Continuing with the theme of social media being terrible, I’ve decided to take a look at how social media fosters our relationships. It’s got “social” right there in the name, so you’d think the whole idea would be that it increases our interactions among our friends and family.

And it certainly tries! We can access information of our colleagues and loved ones no matter where they are in the world. If I have a sister on the other side of the country, I can look at her page to see what she’s up to, I can look at the pictures she’s posted, or I can even leave her a message saying hi. It’s a brilliant revolution in communication that unfortunately we’ve managed to fuck up irreparably.

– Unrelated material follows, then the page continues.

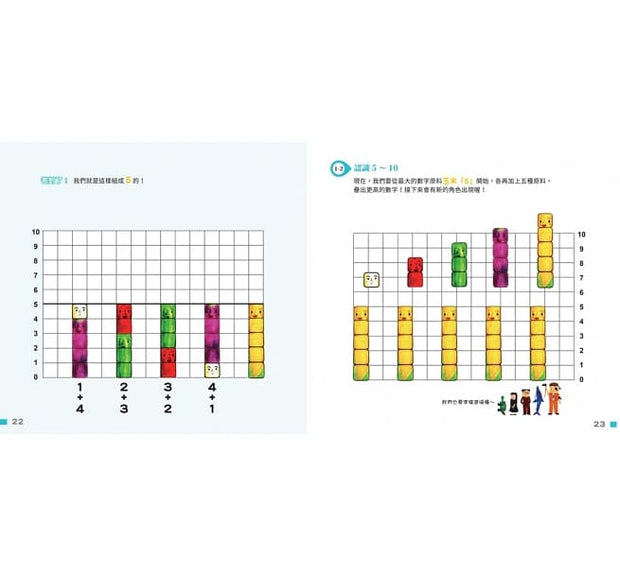 算數好好玩：角色數棒積木卡 玩出兒童算數力(隨書附贈數棒積木卡桌遊組)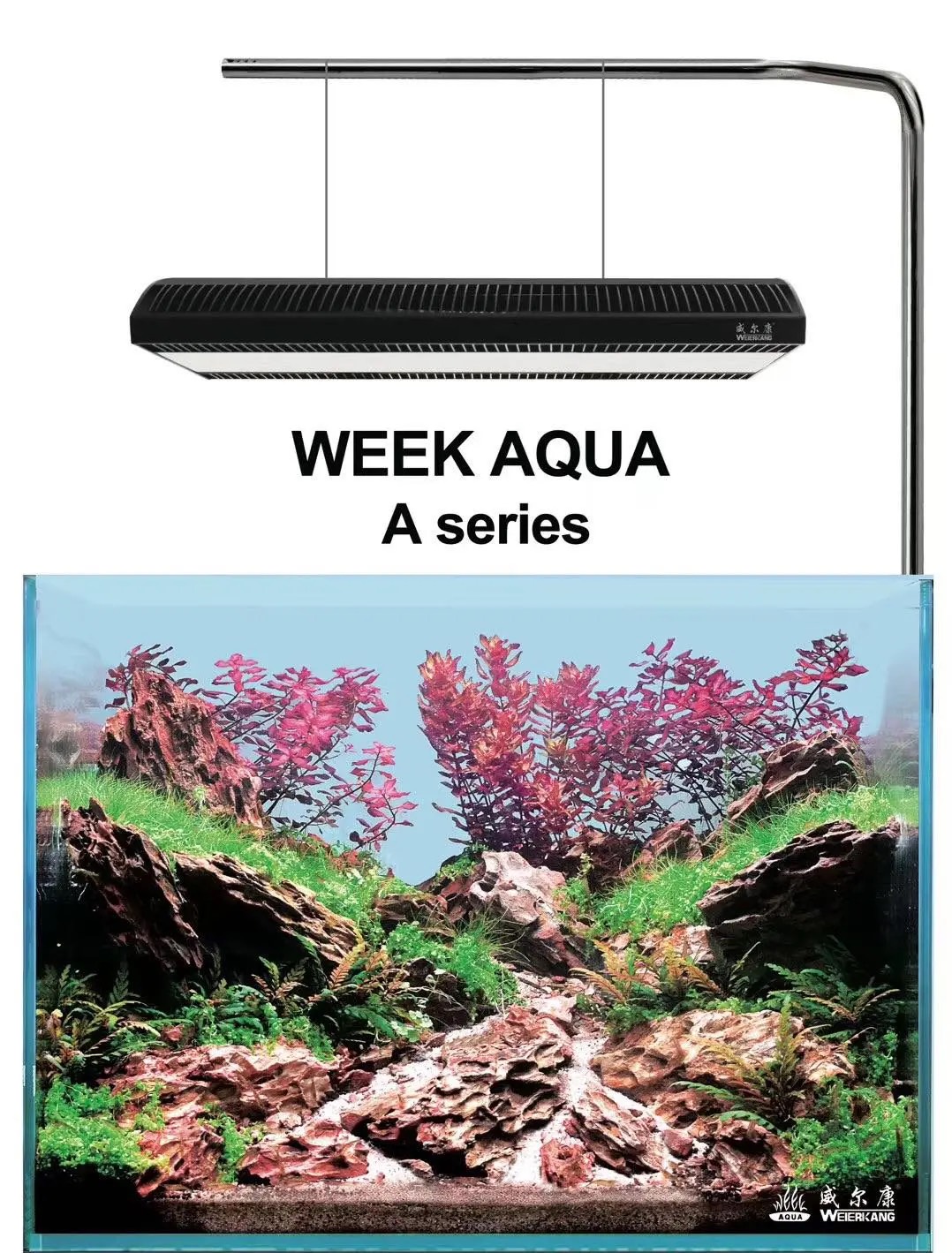 Đèn led rgb week ark a430 pro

95% of the time we go on Facebook, it’s not to see what an individual person is doing, nor even to see what a small group of people are doing. We typically go on Facebook to go on Facebook. We now deal with our relationships in generalities, as social media is a wash of our compatriots, often hidden among unknown associates that we met at a party or something three years ago.

This makes the very act of being “social” impersonal. If I do go and visit my sister’s page, the word we’ve developed for checking up on a loved one is “stalking.”  Our relationships over social media have a voyeuristic quality to them, and whether rightly or wrongly, this makes us inherently uncomfortable with them.To view someone’s page has that very negative connotation that makes people uneasy connecting, even if it is in a relatively trivial manner, with the people they would consider their friends.

Therefore, most of us rely on updates from our Newsfeeds. If the information is fed to us passively, then it does not require the sympathetic connection that actively engaging with our loved ones otherwise would. Learning about our colleagues needs to be almost accidental, for fear of being a “creeper”.

If I see my sister’s photos, the unspoken agreement is that I was not actually seeking to learn about her life, but that this social relationship is built on the contingency of me happening to be online at the time, and chancing across her update.

Social media does not foster relationships, it deadens them. Yes the internet allows for great communication across vast distances, but the connections involved become contingent and meaningless. If you wish to stay in touch with friends and loved ones, you can use your phone as an actual phone, rather than rely on the empty exchanges of social media.